Still not working for me. Is it possible that your ISP's nameservers don't respond to DNS requests (or to certain DNS requests) from outside? That would seem like an odd configuration, but it would explain the discrepancy.

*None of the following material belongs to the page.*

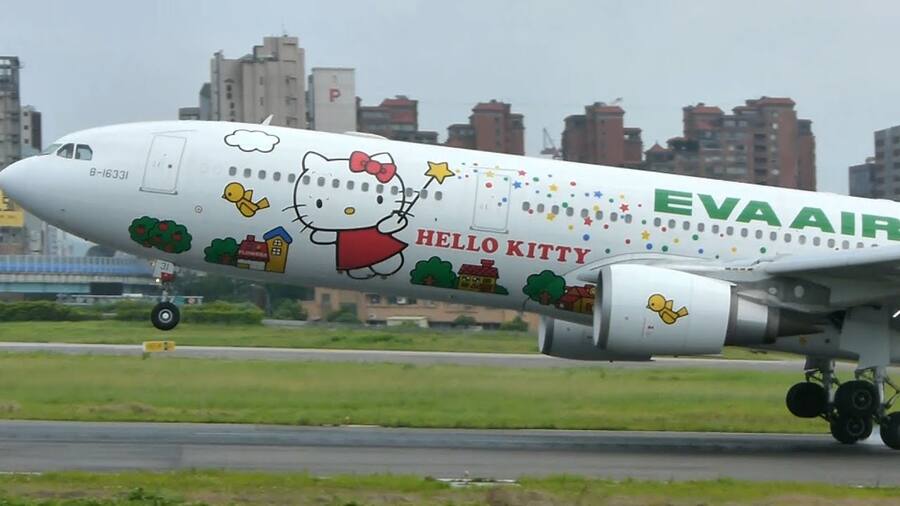 Hello Kitty Airplane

sahsanu · May 11, 2018, 2:37pm

Hi @gtartari,

That means your dns servers only answer requests for CAA records via tcp but not udp (at least from my side) and that is clearly wrong.

Using udp:

$ dig @ns.infuturo.it cda.zignago.com caa +short

; <<>> DiG 9.9.7 <<>> @ns.infuturo.it cda.zignago.com caa +short
; (1 server found)
;; global options: +cmd
;; connection timed out; no servers could be reached

Using tcp:

$ dig @ns.infuturo.it cda.zignago.com caa +short +tcp
0 issue "letsencrypt.org"

Cheers,
sahsanu

gtartari · May 11, 2018, 3:16pm

Clear, without doubt.

Regards,
Graziano.

gtartari · May 15, 2018, 9:07am

Sahsanu,
now I get this response:

[11:01 Tue May 15 ~]$ dig @ns.infuturo.it cda.zignago.com caa +short
0 issue “letsencrypt.org”

But letsenrypt cannot query the DNS…

[EROR] [type] urn:acme:error:dns
[EROR] [detail] DNS problem: SERVFAIL looking up CAA for cda.zignago.com
[EROR] [status] 400

Where is the problem??

Regards,
Graziano.

sahsanu · May 15, 2018, 9:40am

Hi @gtartari,

I don’t know how are your authoritative name servers configured but it fails to answer for CAA records requests over UDP from some countries (it works fine for every country I tried if I request CAA record over TCP or any other record like A over UDP or TCP).

From SPAIN (FAIL):

$ dig -4 @192.106.1.9 cda.zignago.com caa +notcp +short

; <<>> DiG 9.9.7 <<>> -4 @192.106.1.9 cda.zignago.com caa +notcp +short
; (1 server found)
;; global options: +cmd
;; connection timed out; no servers could be reached

From US (OK):

$ dig -4 @192.106.1.9 cda.zignago.com caa +notcp +short
0 issue "letsencrypt.org"

From UK (FAIL):

$ dig -4 @192.106.1.9 cda.zignago.com caa +notcp +short

; <<>> DiG 9.11.1 <<>> -4 @192.106.1.9 cda.zignago.com caa +notcp +short
; (1 server found)
;; global options: +cmd
;; connection timed out; no servers could be reached

From FRANCE Location 1 (FAIL):

$ dig -4 @192.106.1.9 cda.zignago.com caa +notcp +short

; <<>> DiG 9.11.1 <<>> -4 @192.106.1.9 cda.zignago.com caa +notcp +short
; (1 server found)
;; global options: +cmd
;; connection timed out; no servers could be reached

From FRANCE Location 2 (OK):

$ dig -4 @192.106.1.9 cda.zignago.com caa +notcp +short
0 issue "letsencrypt.org"

From GERMANY (OK):

$ dig -4 @192.106.1.9 cda.zignago.com caa +notcp +short
0 issue "letsencrypt.org"

Using Google DNS public resolver (FAIL):

$ dig -4 @8.8.8.8 cda.zignago.com caa +notcp

; <<>> DiG 9.11.1 <<>> -4 @8.8.8.8 cda.zignago.com caa +notcp
; (1 server found)
;; global options: +cmd
;; Got answer:
;; ->>HEADER<<- opcode: QUERY, status: SERVFAIL, id: 34055
;; flags: qr rd ra; QUERY: 1, ANSWER: 0, AUTHORITY: 0, ADDITIONAL: 1

;; OPT PSEUDOSECTION:
; EDNS: version: 0, flags:; udp: 512
;; QUESTION SECTION:
;cda.zignago.com.               IN      CAA

;; Query time: 2016 msec
;; SERVER: 8.8.8.8#53(8.8.8.8)
;; WHEN: Tue May 15 11:34:50 CEST 2018
;; MSG SIZE  rcvd: 44

Using Cloudflare DNS public resolver (OK):

$ dig -4 @1.1.1.1 cda.zignago.com caa +notcp +short
0 issue "letsencrypt.org"

Using QUAD DNS public resolver (FAIL):

$ dig -4 @9.9.9.9 cda.zignago.com caa +notcp

; <<>> DiG 9.11.1 <<>> -4 @9.9.9.9 cda.zignago.com caa +notcp
; (1 server found)
;; global options: +cmd
;; Got answer:
;; ->>HEADER<<- opcode: QUERY, status: SERVFAIL, id: 2270
;; flags: qr rd ra; QUERY: 1, ANSWER: 0, AUTHORITY: 0, ADDITIONAL: 1

;; OPT PSEUDOSECTION:
; EDNS: version: 0, flags:; udp: 4096
;; QUESTION SECTION:
;cda.zignago.com.               IN      CAA

;; Query time: 3023 msec
;; SERVER: 9.9.9.9#53(9.9.9.9)
;; WHEN: Tue May 15 11:35:43 CEST 2018
;; MSG SIZE  rcvd: 44

If you check it using dnsviz you get this problem:

cda.zignago.com/CAA: No response was received from the server over UDP (tried 8 times). (192.106.1.1, 192.106.1.9, UDP_0_NOEDNS)

I don’t know what is going on but there is something strange with your Authoritative DNS Servers.

Good luck,
sahsanu

system · June 14, 2018, 9:40am

This topic was automatically closed 30 days after the last reply. New replies are no longer allowed.